A second primary element of the Rosary is its Christological nature. The Church documents understand that the end of such a prayer is never directed to the Virgin without a reference to her relationship with Christ. John Paul II most acutely observes this Christological reality as he reflects upon the physical tool used to count the successive prayers: “the beads converge upon the Crucifix,” and in this concrete reminder, the faithful understand that everything “is centred upon Christ” (RVM 36). The Christian cannot avoid passing through and returning to that sign of Christ’s Passion in the course of his prayer. John Paul II furthermore illustrates the Name of Jesus as the “centre of gravity” of the Rosary (RVM 33), and he reflects on a sentiment of Paul VI, who had previously described a custom in which communities supplemented the recitation of the Hail Mary with a mention of the particular mystery following the Name of Jesus (MC 46). In this exterior manner, the Rosary shows itself to be flowing from and directed to the Second Person of the Trinity, the one and true Mediator before the Father. 
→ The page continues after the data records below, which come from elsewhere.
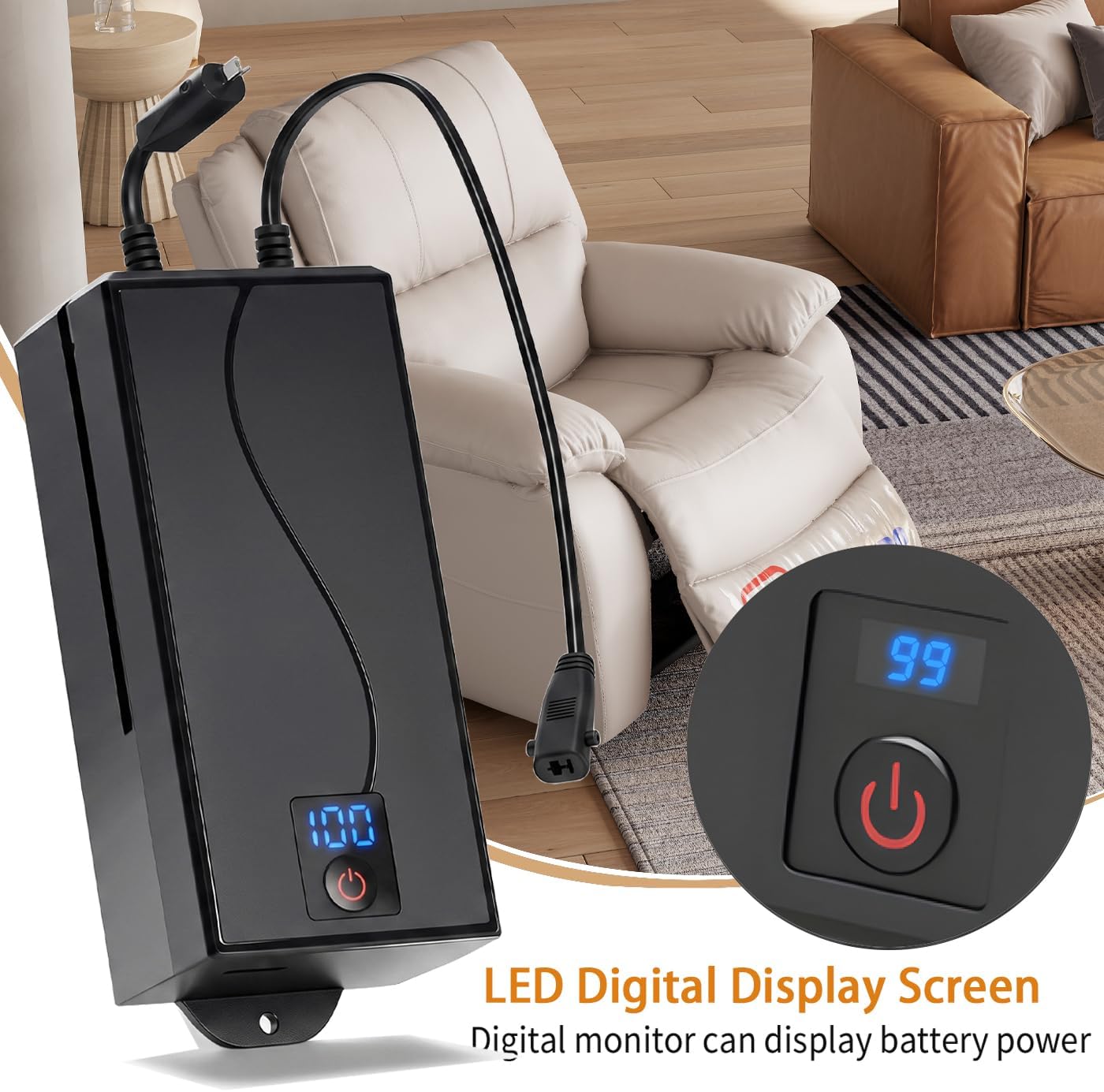 5000mAh Battery Pack for Reclining Furniture - Universal Recliner Battery Pack with LCD Display for Electric Recliners, Sofas, Lift Chairs and Couch - only Compatible with 2-Pin Motion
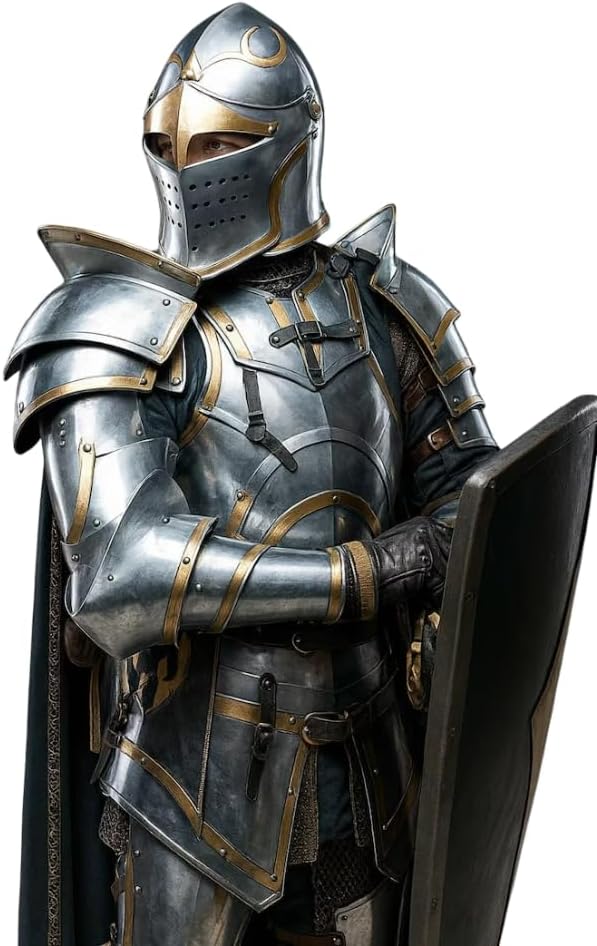 Medieval Knight Full Armor Suit | Handmade Steel LARP Armor with Helmet, Pauldrons Greaves | Medieval Armor Halloween Costume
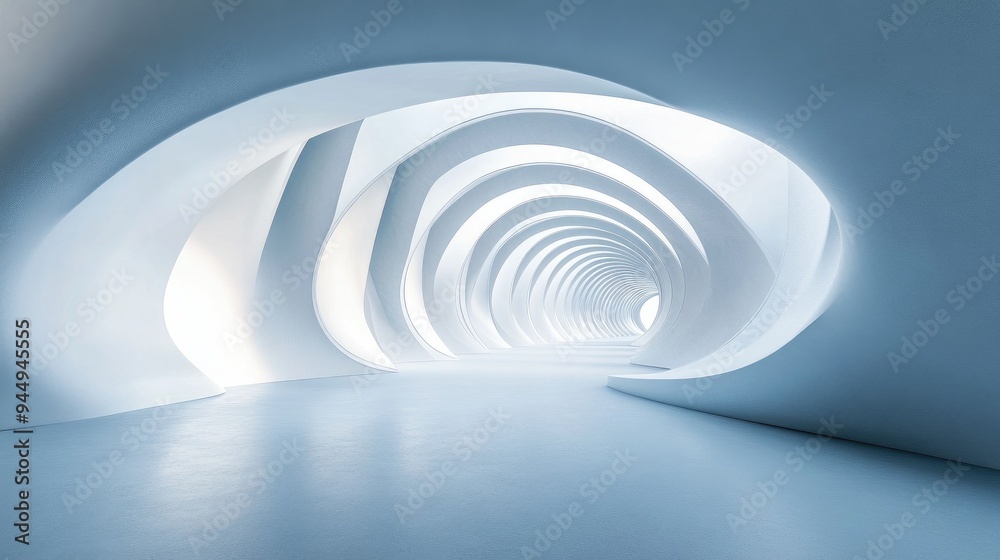 Abstract architectural background featuring a curved interior design in a 3D render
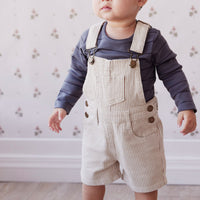 Casey Cotton Twill Short Overall - Balm/Cloud Stripe Childrens Overall from Jamie Kay USA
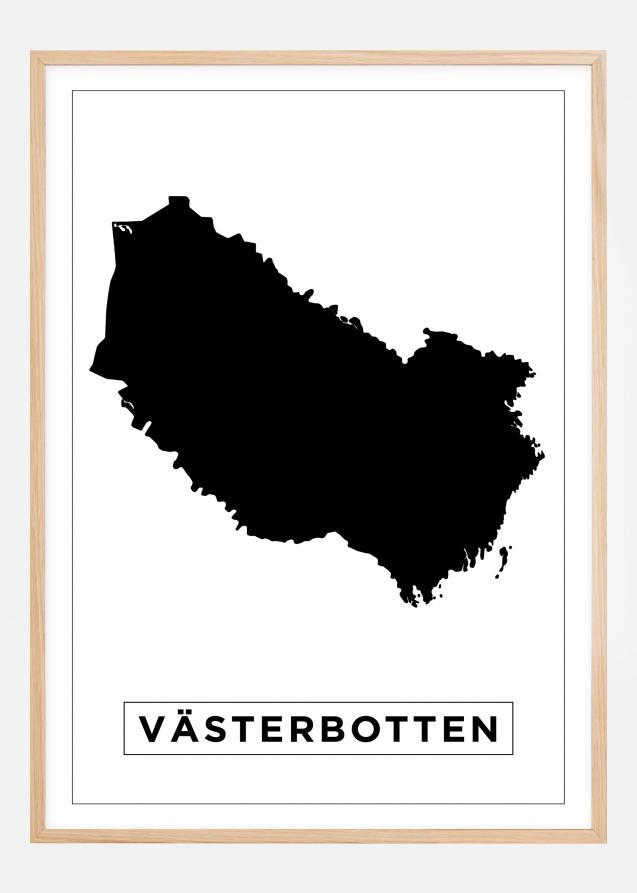 Kartta - Västerbotten - Valkoinen Juliste
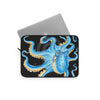 Blue Octopus Kraken On Black Art Laptop Sleeve
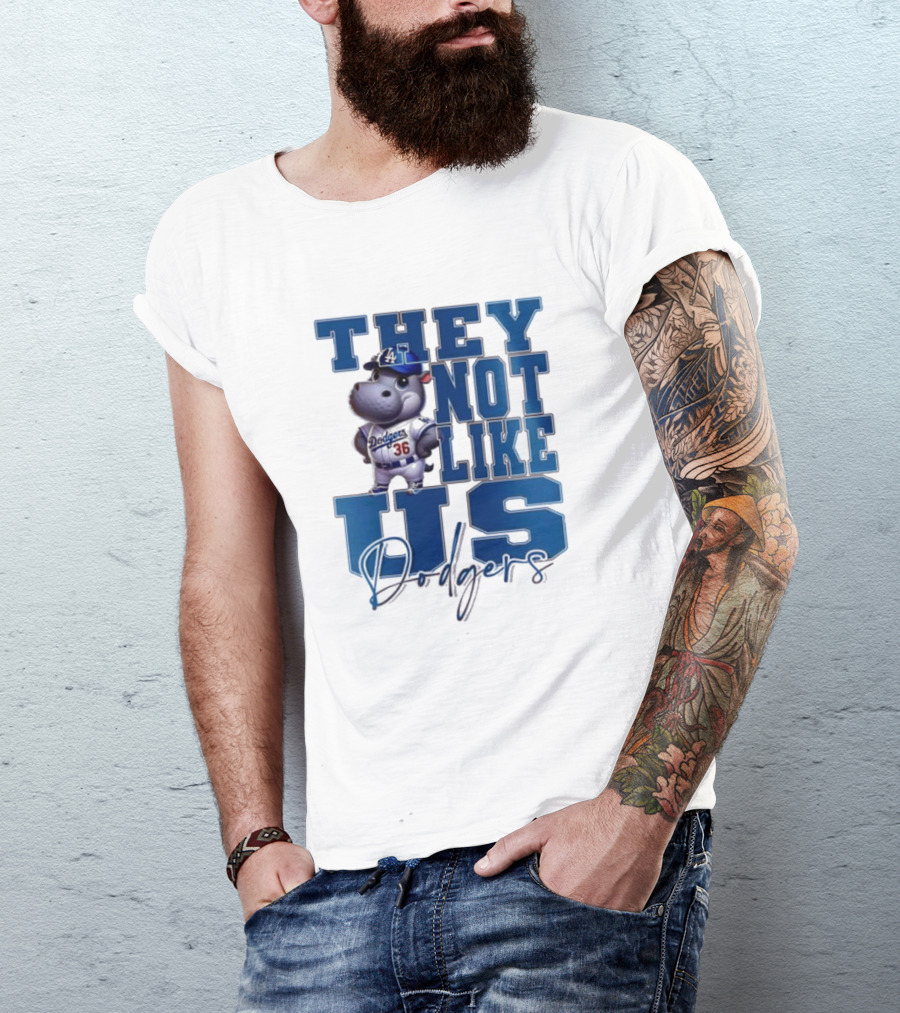 The Not Like Us Moo Deng X Los Angeles Dodgers Baseball T-Shirt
Yet perhaps more profoundly, the Rosary is a Christological prayer as it leads the Christian to the Person of Jesus through the guidance of Mary. As John Paul II eloquently writes, “the Christian people sits at the school of Mary and is led to contemplate the beauty on the face of Christ and to experience the depths of his love” (RVM 1). Mary is the perfect disciple who carries out the will of God in exemplary obedience, and thus is the ideal teacher of Christ’s commands. But the Rosary also illustrates that becoming a disciple of Jesus is not simply about knowing His teachings. Often labeled as the prayer of Mary’s memory, the Rosary allows us to experience Christ as she did, to hear and discern the inflections of His voice, to study the uniqueness of His face, to touch and hold onto the strength of His hands. This prayer “mystically transports us to Mary’s side as she is busy watching over the human growth of Christ in the home of Nazareth” and “enables her to train us and to mold us with the same care, until Christ is ‘fully formed’ in us” (RVM 15). This sentiment of John Paul II is beautifully reminiscent of a work by St. Bonaventure: meditating on the events of Jesus’ infancy, the Seraphic Doctor sees that “a soul dedicated to God could spiritually conceive the holy Word of God and only-begotten Son of the Father” by traveling with Mary in the Gospels (The Five Feasts of the Child Jesus 139). In reflection upon the actions of Mary, the Christian can likewise bring the Son into his own soul by a fervent desire to imitate her. In the same manner, the Rosary makes present those events described in the Gospels, calling the faithful to journey with Mary as she grows in her understanding of Christ, as she is continually filled spiritually with His own presence even as He parts from His home in Nazareth. The Rosary moves with Mary and unites the Christian to her sanctified memory, giving him her most pure eyes to see and ponder the goodness of God in each and every moment of His life in the Flesh.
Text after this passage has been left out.